### Crawled caption data
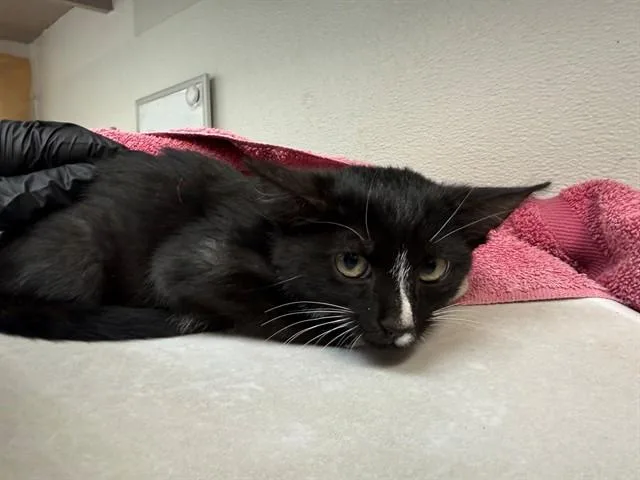 A baby small-sized male Domestic Short Hair cat named Perry for adoption in Antioch, CA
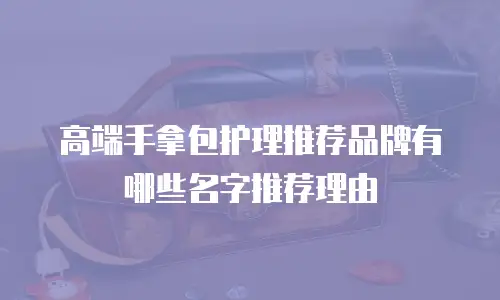 高端手拿包护理推荐品牌有哪些名字推荐理由
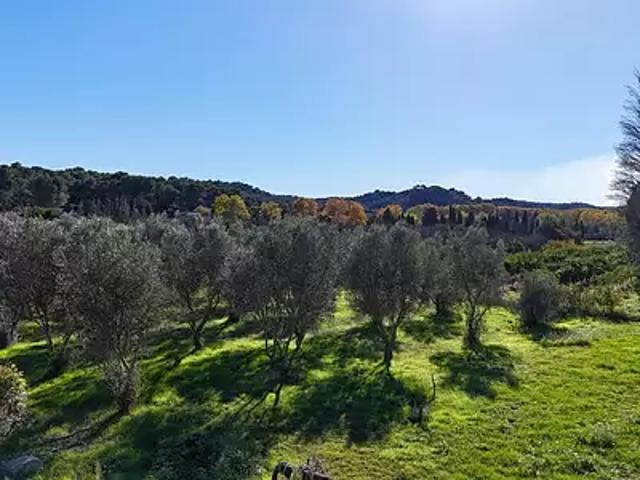 Terrain vente à Arles, Mas-blanc-des-alpilles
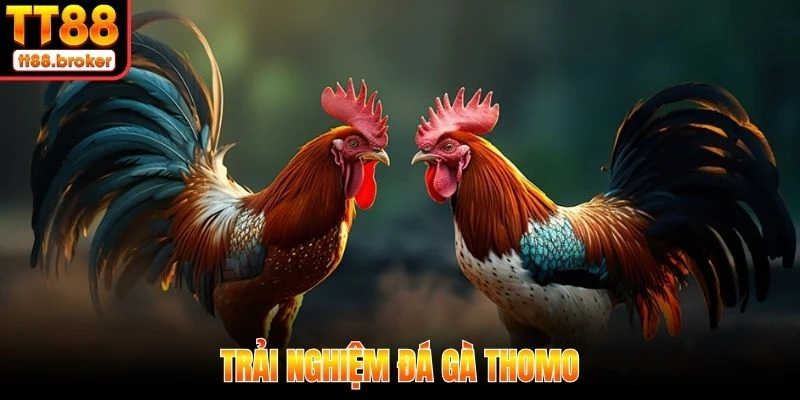 Đá Gà Thomo
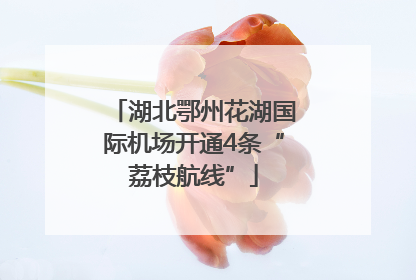湖北鄂州花湖国际机场开通4条“荔枝航线”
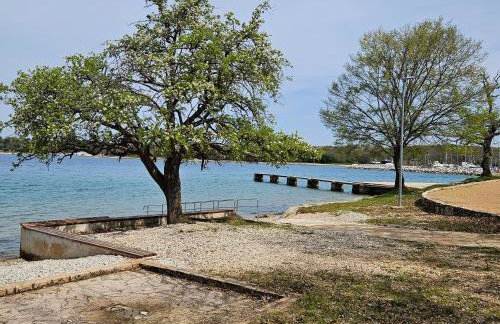 Apartma Park Učka - Foto 5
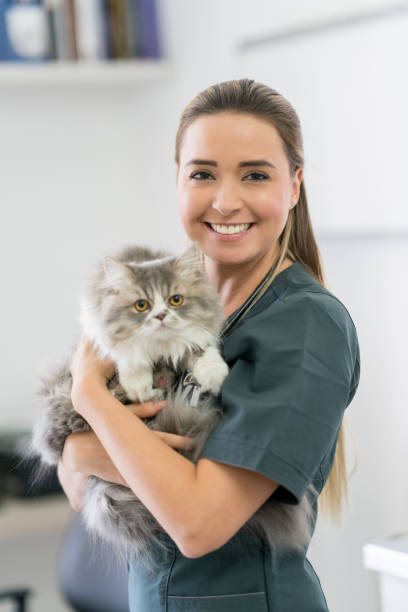 Happy veterinarian holding a cat and smiling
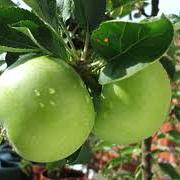 Malus d. 'Granny Smith'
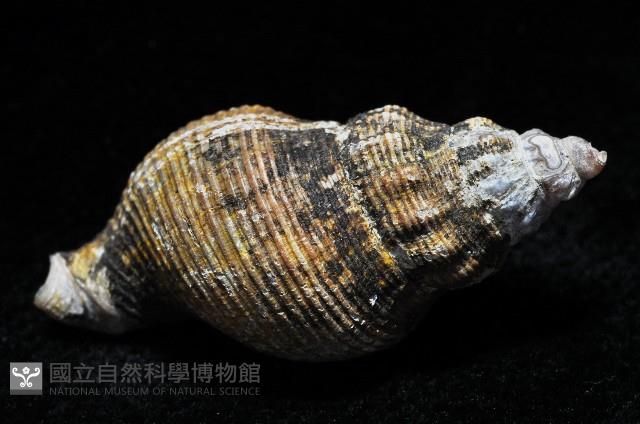 褐皮峨螺藏品圖，第2張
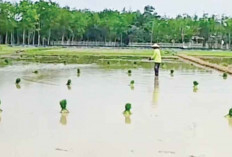 Petani Lubuk Seberuk Mulai Tanam Padi Semester III Meski Kekeringan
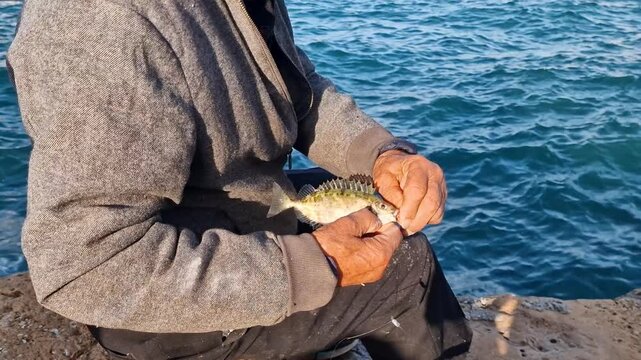 Close up of old fisherman hands unhooking fish in Chania old port. 4k video with lighthouse background in Venetian harbor. Authentic Greek lifestyle detail, traditional fishing process, Crete.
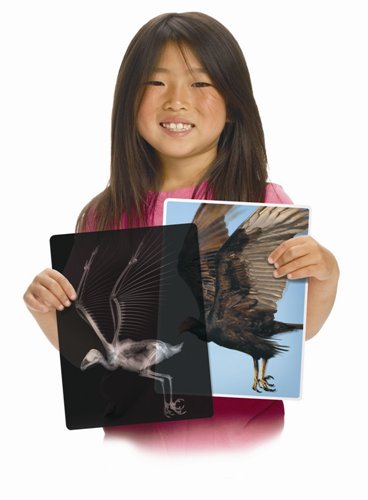 Animal X-Rays - 13 pieces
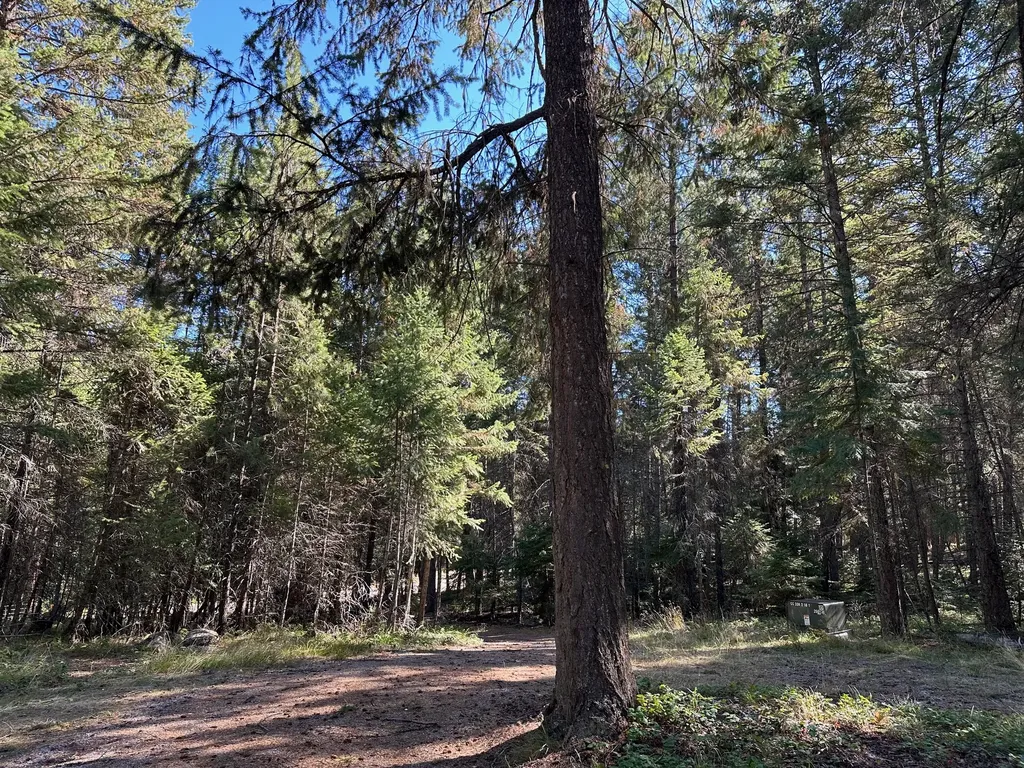 26 Tamarack Lane Thompson Falls MT 59873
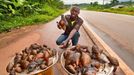 Man selling giant forest snails along main road to Accra, Ghana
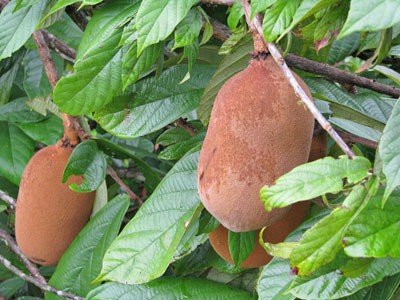 Cupuaçú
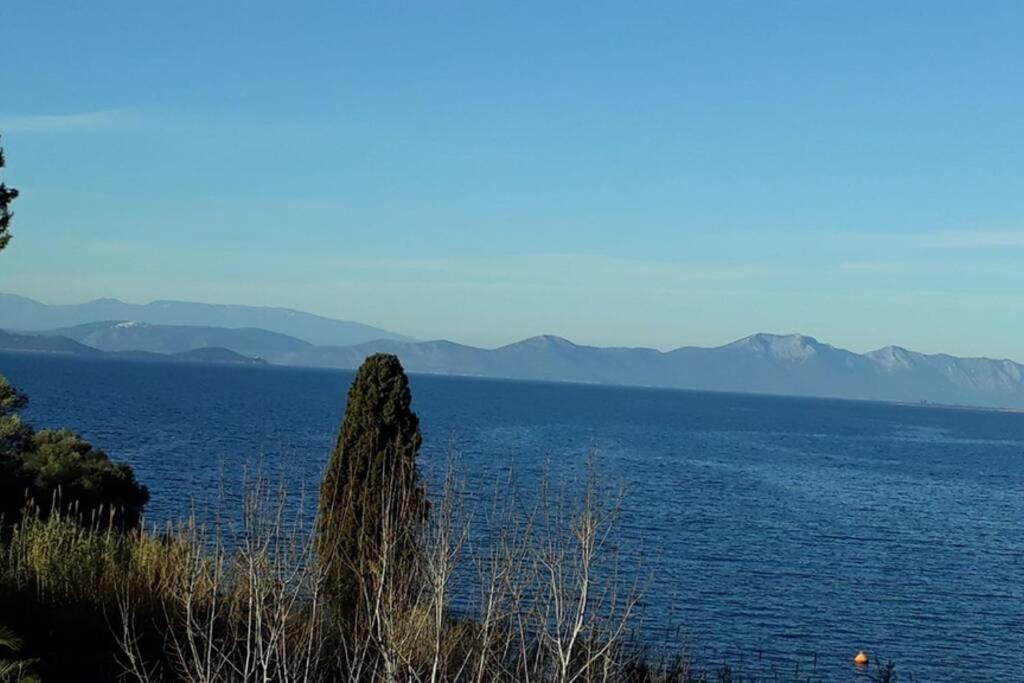 Amazing Sea View-Neos Pyrgos Beach -Evoia Greece เนออส ปีร์กอส ภายนอก รูปภาพ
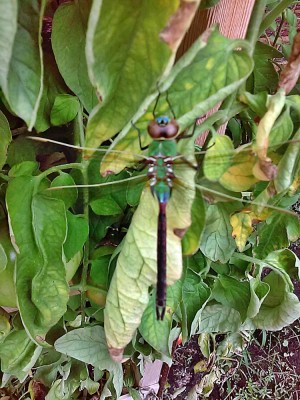 Dragon Fly.jpg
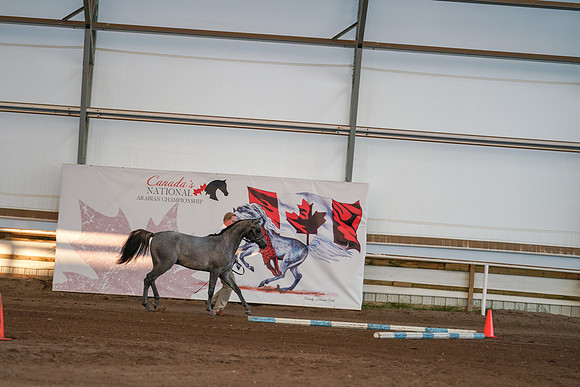 2022 - CNAC - Sept 27 - 00212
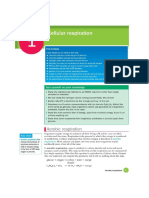 Edexcel A Level Biology Student Book 2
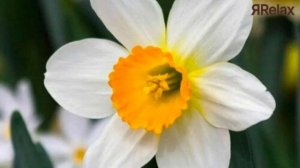 Сатсанг √120, Роберт Адамс.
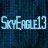 SkyEagle13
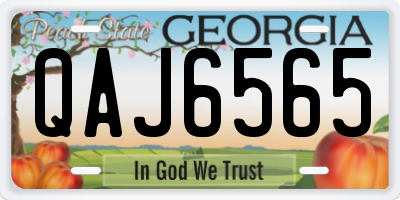GA license plate QAJ6565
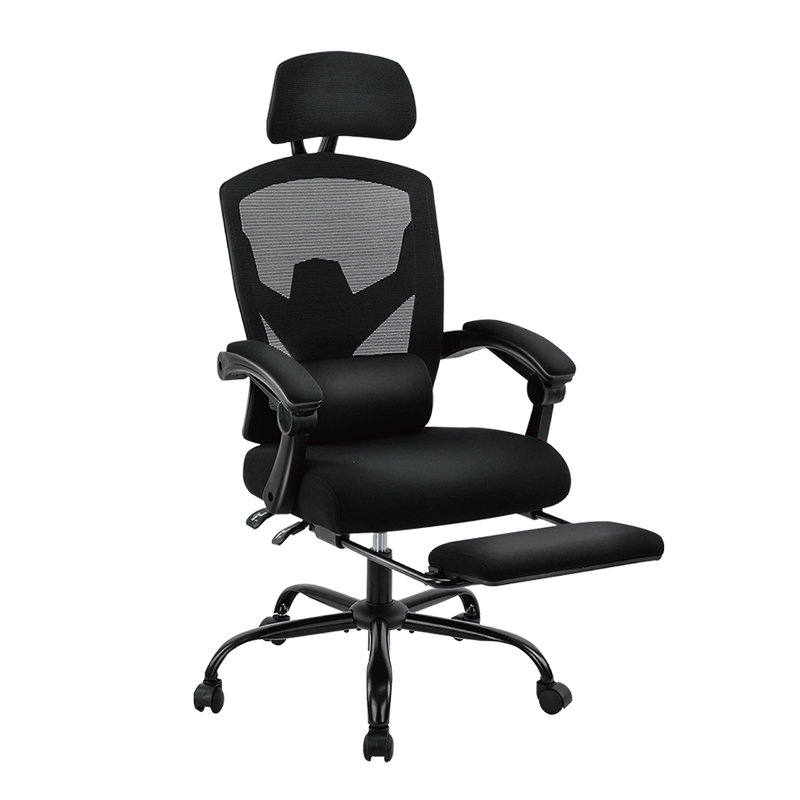 Inbox Zero Hrinder Ergonomic Mesh Task Chair with Footrest Reviews Wayfair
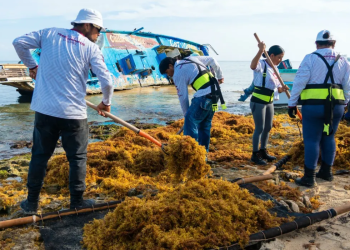 Voluntarios levantando sargazo en playas de Cozumel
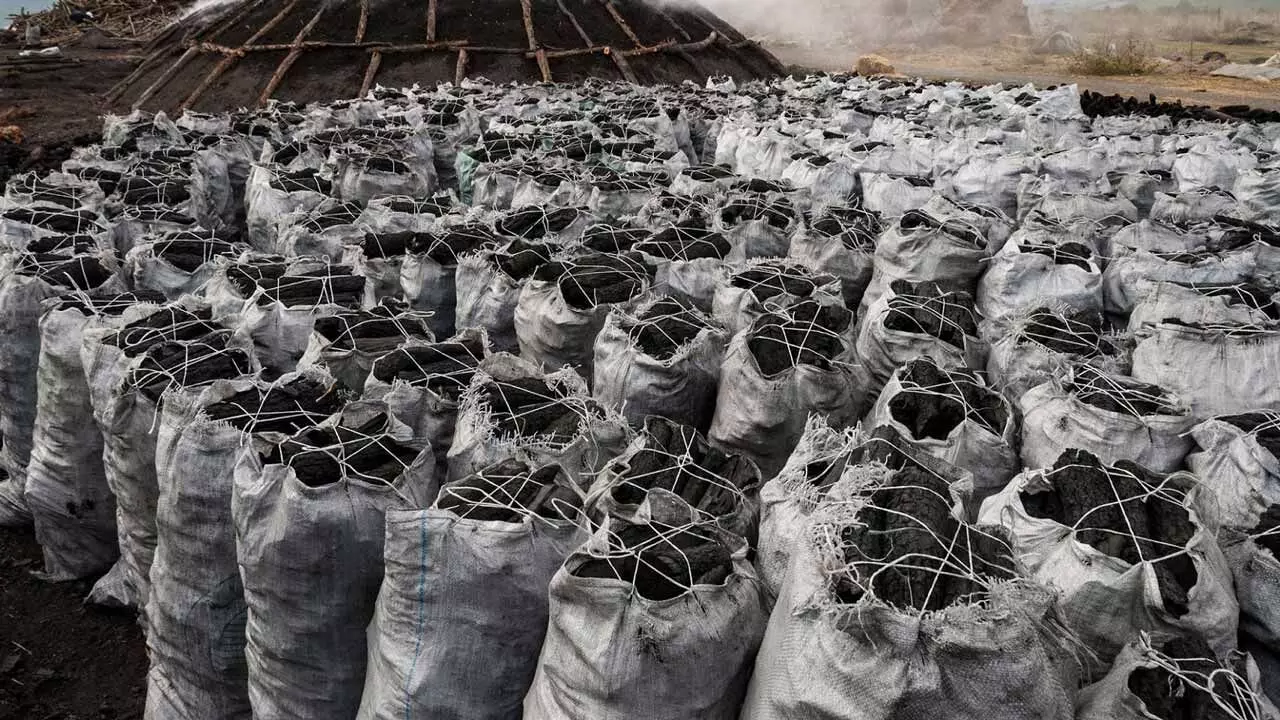 Kogi govt, calls production of charcoal illegal Kogi govt, calls production of charcoal illegal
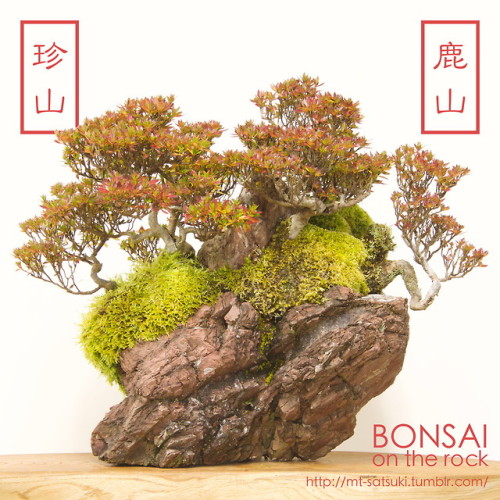 皐月「珍山」＆「鹿山」の石付盆栽SATSUKI “CHINZAN” &amp; “KAZAN” azalea bonsai on a rock2017.12.2 撮影bonsai on the roc
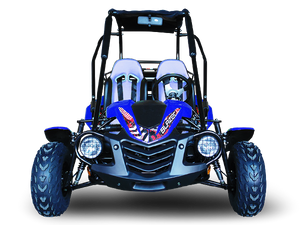 TrailMaster Blazer 200 Buggy Go Kart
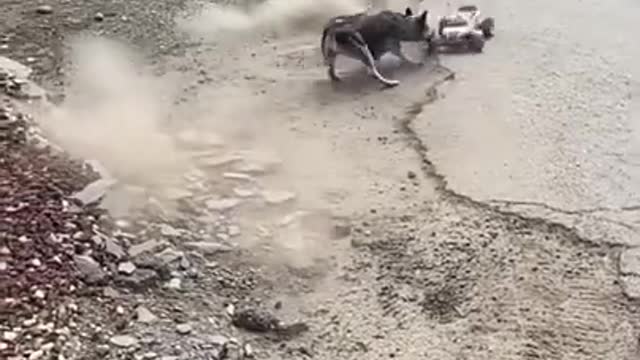 Amazing Dogs Fighting For Help other Dog on Street Compilation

### TASK BRIEF
Pictures stay out of this copy. Retype exactly the lines from the one with "TrailMaster Blazer 200 Buggy Go Kart" through the last line of the data, both ends included, and nothing more.

### ANSWER FOR THE TASK
 TrailMaster Blazer 200 Buggy Go Kart
 Amazing Dogs Fighting For Help other Dog on Street Compilation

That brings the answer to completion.